Al riguardo preme citare la recentissima TAR Lombardia, Sez. Brescia, 21/3/2014 n. 156 relativa ai criteri per istituire il canone previsto dal Codice della Strada (ex art. 27 del Dlgs. 30 aprile 1992 n. 285, per l’uso o l’occupazione delle strade comunali in particolare per la posa delle reti per servizi pubblici.
“L’imposizione di prestazioni patrimoniali sui servizi a rete non deve trasformarsi in un dazio che ostacola e rende più onerosa la circolazione delle merci… Per evitare la qualificazione come tributo ambientale, il canone deve essere riferito a un uso particolare di uno specifico bene pubblico.
Occorre inoltre che tale uso non sia già remunerato mediante altre prestazioni patrimoniali, perché se il canone costituisse mera duplicazione di queste ultime non potrebbe che essere considerato, per residualità, come tributo ambientale. Se l’atto di concessione del servizio prevede il pagamento di un canone, come nel caso della distribuzione del gas, il canone per l’uso o l’occupazione delle strade comunali può essere considerato assorbito solo se sia stato preso in considerazione come voce a sé dell’offerta (sotto forma di somma in aumento nella parte economica dell’offerta, o come equivalente monetario di prestazioni accessorie di manutenzione della rete stradale descritte nell’offerta tecnica). Diversamente, vi sono ancora margini per esigere un corrispettivo per l’uso particolare delle strade comunali; occorre però differenziare il canone dalla TOSAP/COSAP, che ha come presupposto l’occupazione di spazi pubblici. Non è sufficiente il fatto che la TOSAP/COSAP sia parametrata sul numero di utenze (v. art. 63 c. 2-f del Dlgs. 15 dicembre 1997 n. 446), né la mera sottrazione della TOSAP/COSAP al canone, ma è necessario individuare per quest’ultimo un’autonoma “base imponibile”.
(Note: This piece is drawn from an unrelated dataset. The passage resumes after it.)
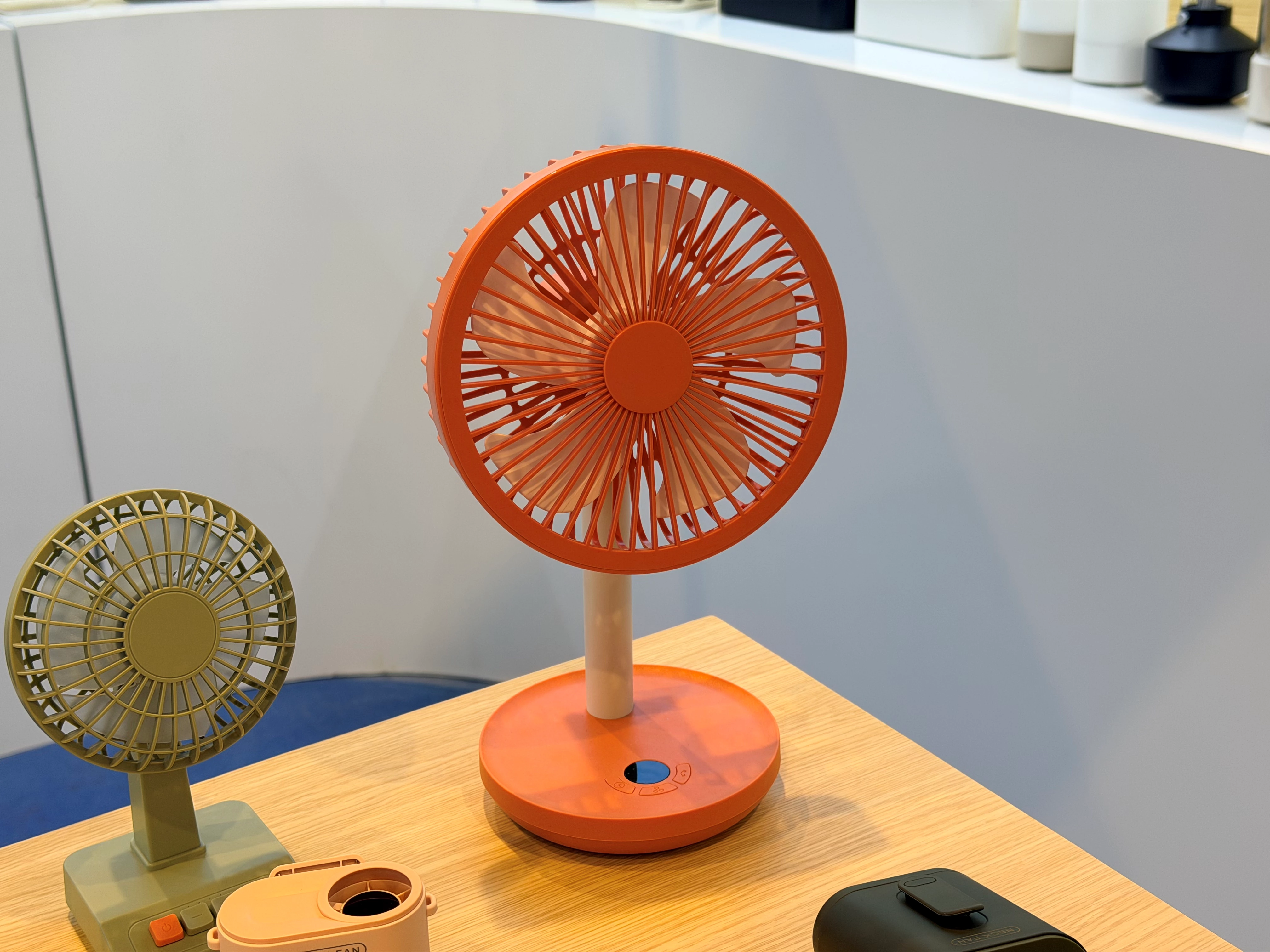 Kinscoter KC-F17 Desktop Fan with LED Display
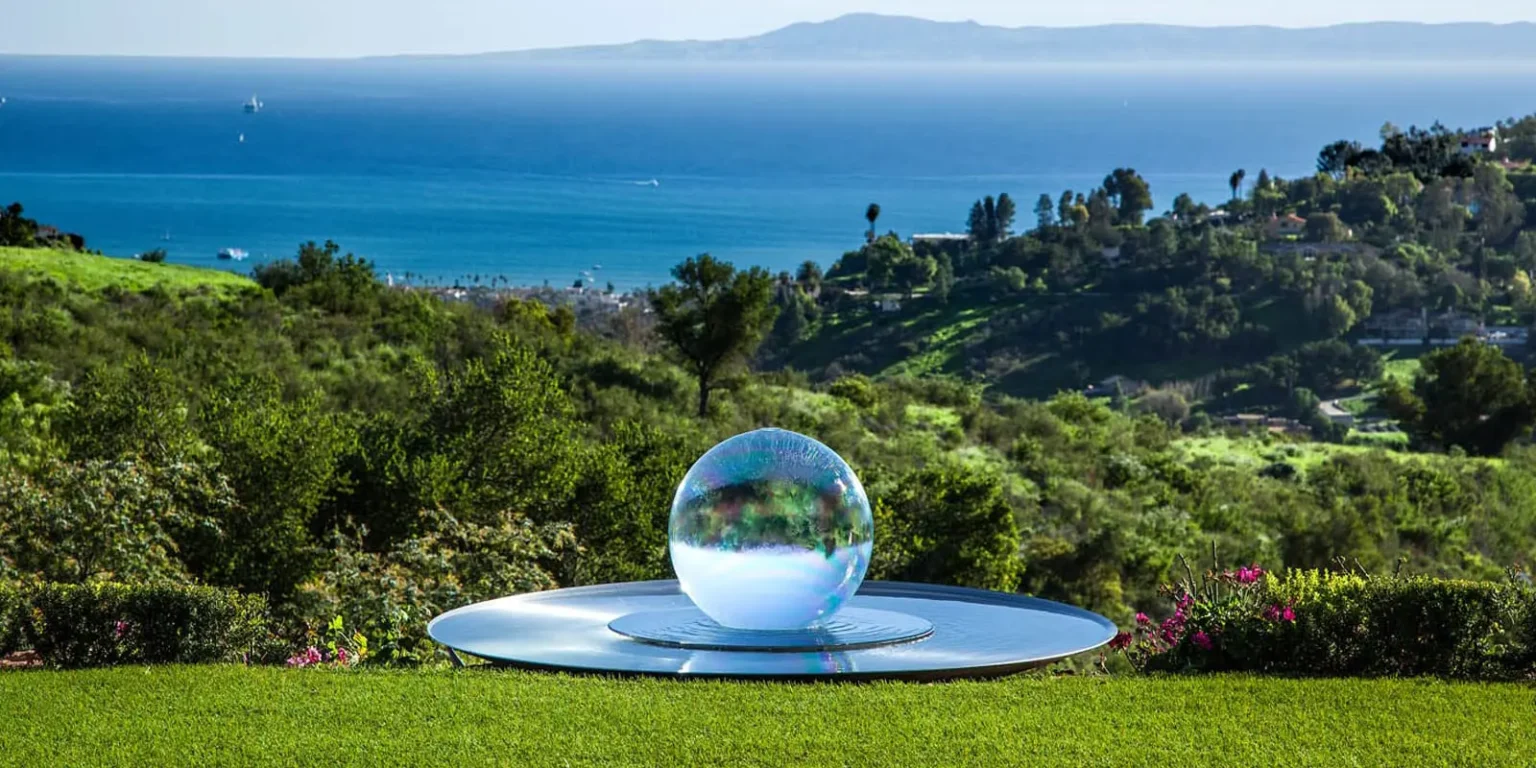 Aqualens Sphere Fountain Ocean Backdrop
I criteri per questa operazione sono contenuti nell’art. 27 c. 8 del codice della strada, la cui attuazione, mancando le direttive nazionali ex 67 c. 5 del DPR 495/1992, è rimessa all’iniziativa dei singoli enti proprietari delle strade. I criteri sono le soggezioni che derivano alla strada, il valore economico risultante dal provvedimento che autorizza l’occupazione, e il vantaggio che l’utente ne ricava. In sostanza sembra necessario individuare una quota del costo di manutenzione delle strade che possa essere riferita all’esclusivo vantaggio dei gestori dei servizi a rete e una quota dell’utile di questi ultimi (per l’attività di distribuzione svolta sul territorio comunale) che possa essere destinata a remunerare l’uso particolare delle strade, tenendo conto del risparmio conseguito rispetto alla collocazione delle reti al di fuori del tracciato stradale”.